(Captioned web images)
┄┄┄┄┄┄
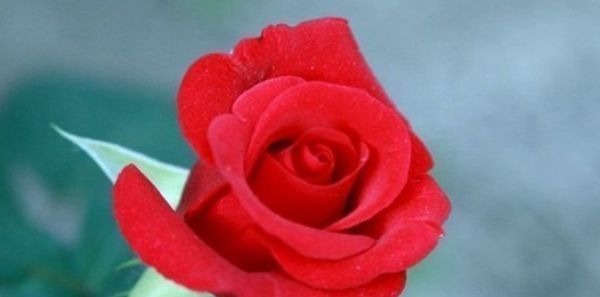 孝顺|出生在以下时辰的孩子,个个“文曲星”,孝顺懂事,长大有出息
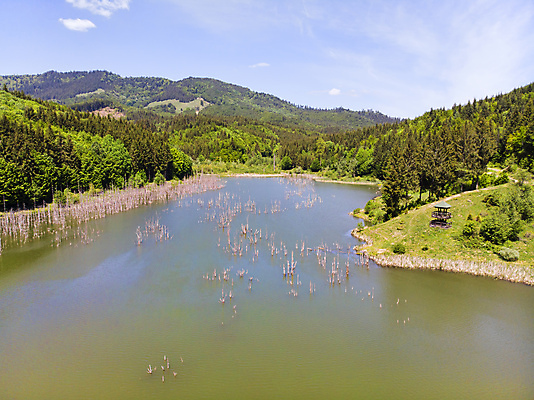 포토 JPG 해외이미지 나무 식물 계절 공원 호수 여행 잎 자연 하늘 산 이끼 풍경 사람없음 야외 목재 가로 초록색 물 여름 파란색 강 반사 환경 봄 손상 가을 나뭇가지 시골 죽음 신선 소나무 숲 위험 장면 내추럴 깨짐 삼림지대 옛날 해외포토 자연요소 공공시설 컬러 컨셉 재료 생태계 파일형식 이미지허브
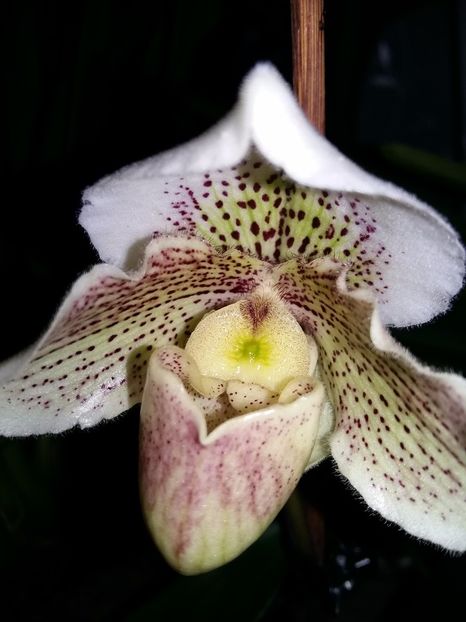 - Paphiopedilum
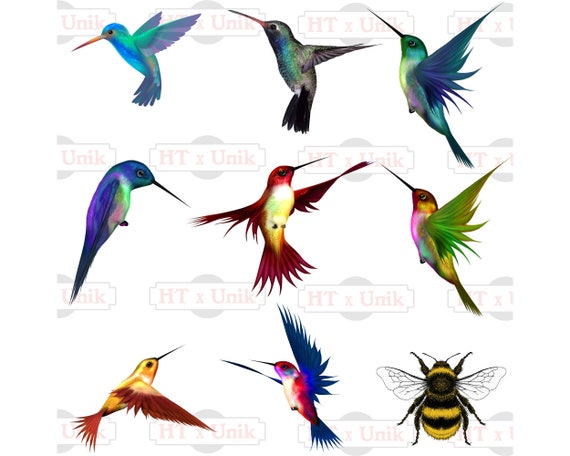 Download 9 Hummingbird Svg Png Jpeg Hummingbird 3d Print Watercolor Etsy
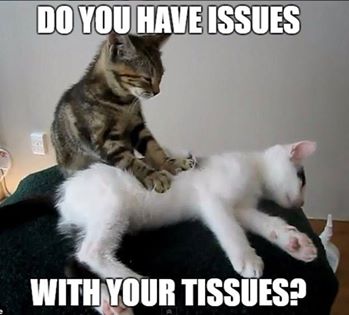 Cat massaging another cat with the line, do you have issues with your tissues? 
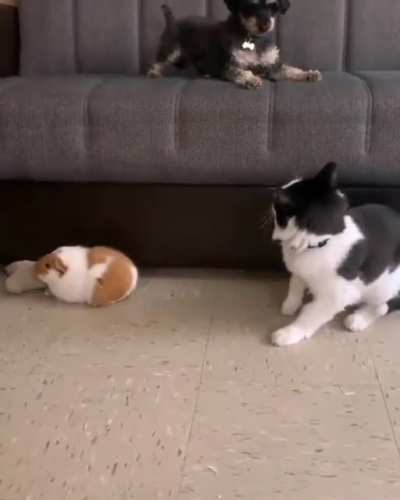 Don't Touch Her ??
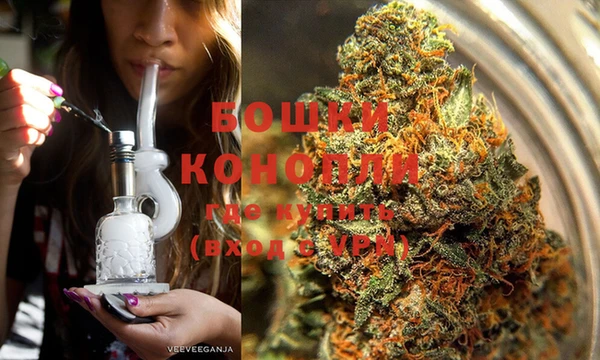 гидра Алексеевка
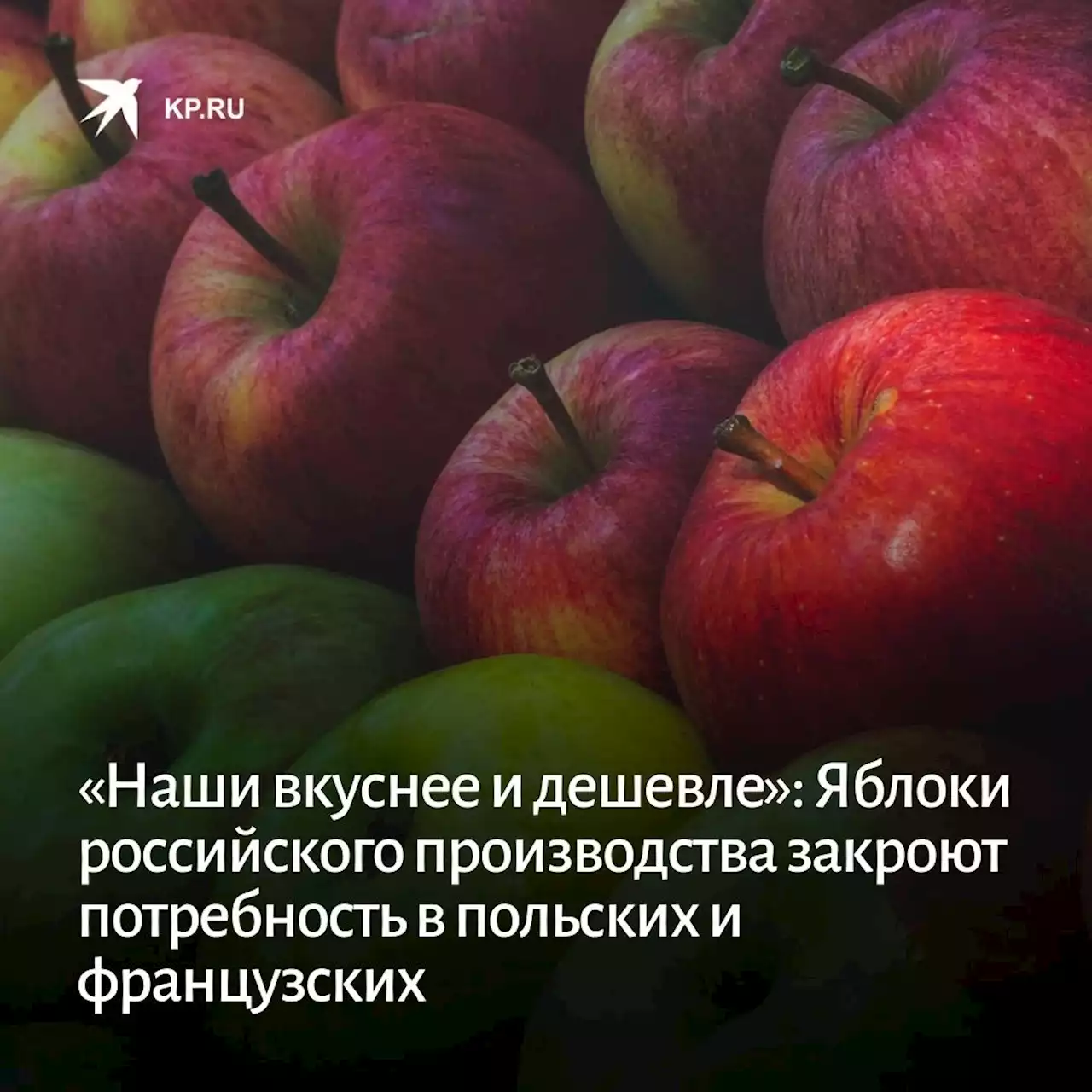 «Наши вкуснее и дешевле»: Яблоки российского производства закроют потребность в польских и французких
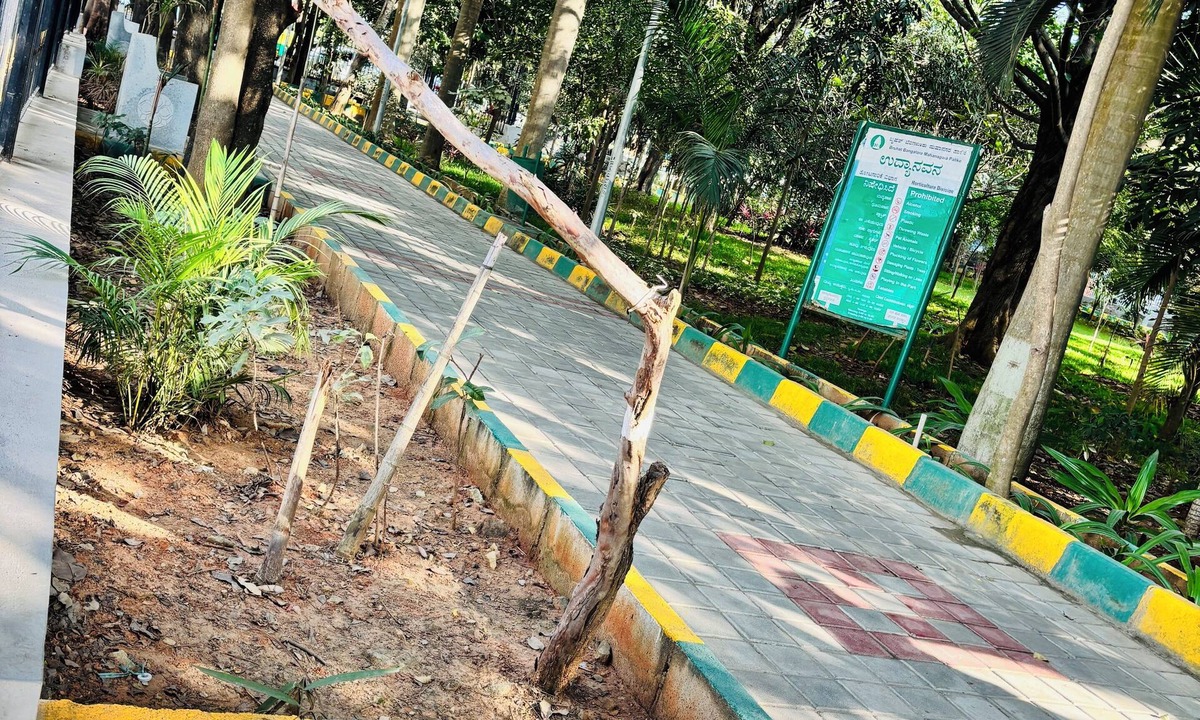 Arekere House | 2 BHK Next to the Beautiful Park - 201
┄┄┄┄┄┄
§ WORK REQUIRED
Starting at the first line of the records above, set down each line exactly through the one that holds "- Paphiopedilum". Omit pictures.

§ RESPONSE
 孝顺|出生在以下时辰的孩子,个个“文曲星”,孝顺懂事,长大有出息
 포토 JPG 해외이미지 나무 식물 계절 공원 호수 여행 잎 자연 하늘 산 이끼 풍경 사람없음 야외 목재 가로 초록색 물 여름 파란색 강 반사 환경 봄 손상 가을 나뭇가지 시골 죽음 신선 소나무 숲 위험 장면 내추럴 깨짐 삼림지대 옛날 해외포토 자연요소 공공시설 컬러 컨셉 재료 생태계 파일형식 이미지허브
 - Paphiopedilum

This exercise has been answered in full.